*Exercise aim:* What you return should match the listing exactly, minus its images.

*Data shown:*
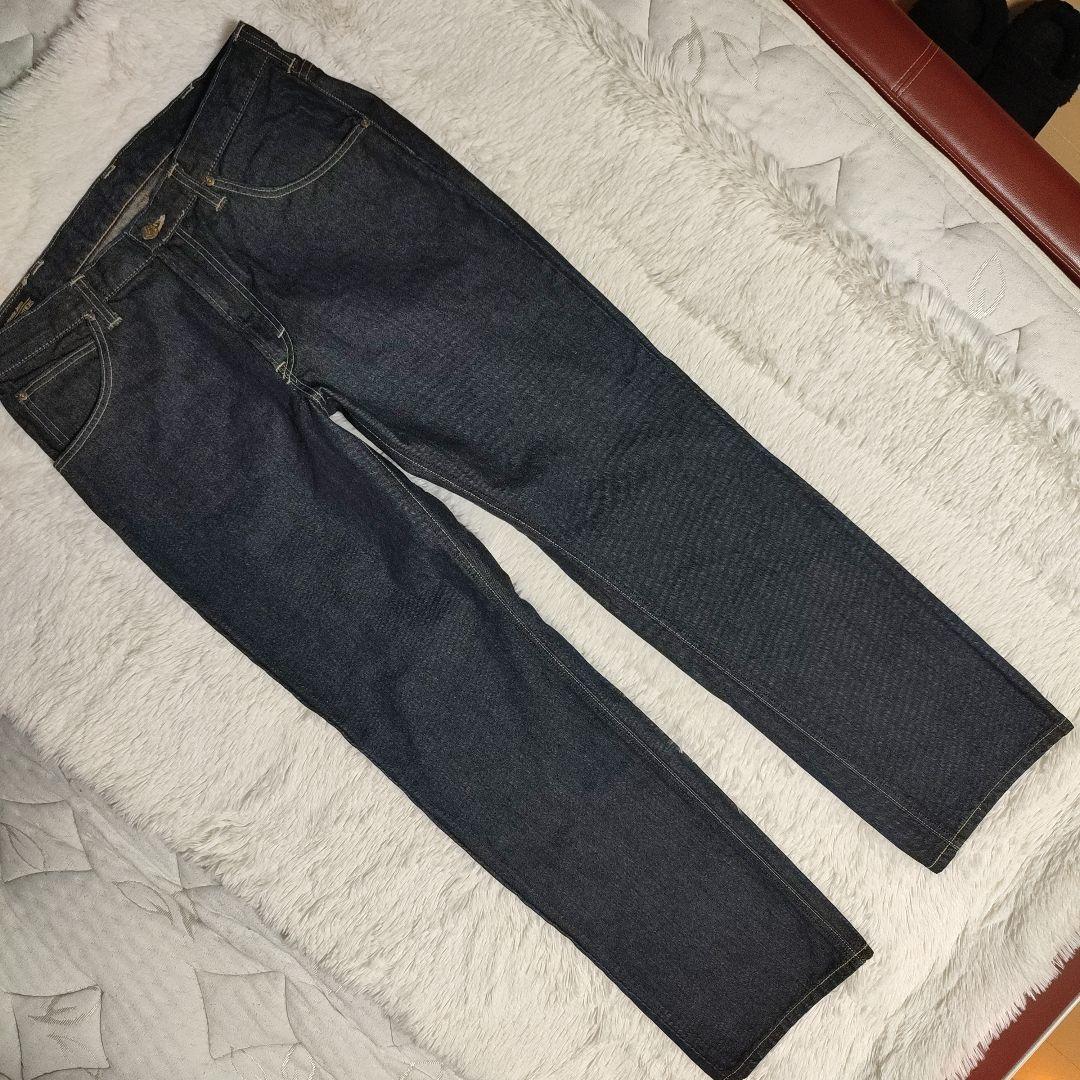 美品 Lee W34 101Z LM8101 ストレートデニム 日本製 濃紺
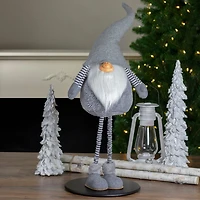 42'' Gray and White Adjustable Height Chubby Smirking Gnome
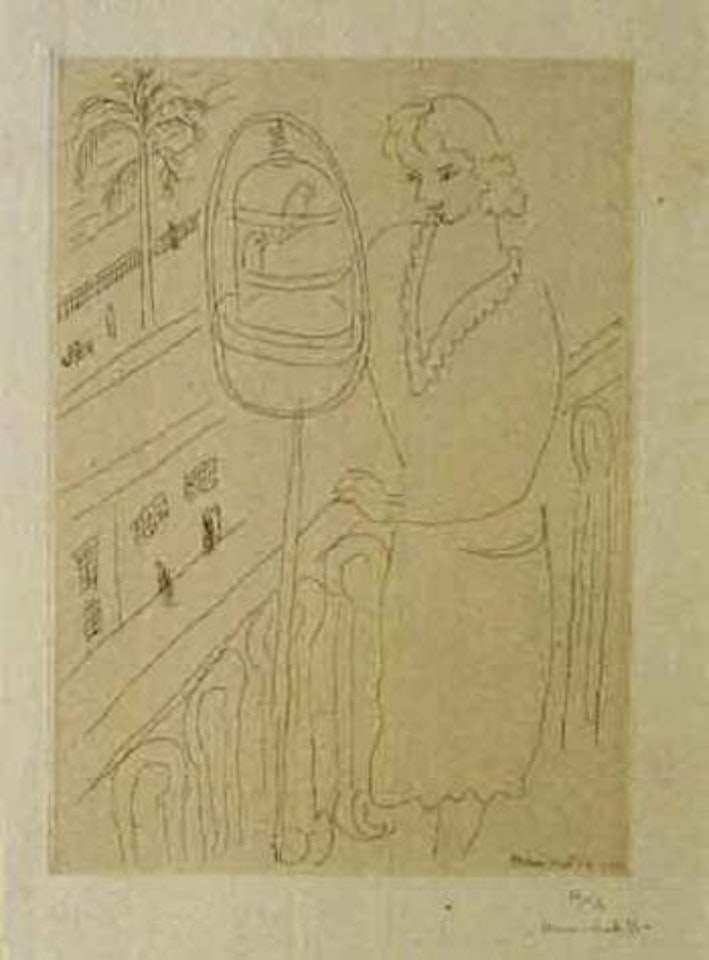 Jeune femme au balcon by Henri Matisse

*Result of this exercise:*
 美品 Lee W34 101Z LM8101 ストレートデニム 日本製 濃紺
 42'' Gray and White Adjustable Height Chubby Smirking Gnome
 Jeune femme au balcon by Henri Matisse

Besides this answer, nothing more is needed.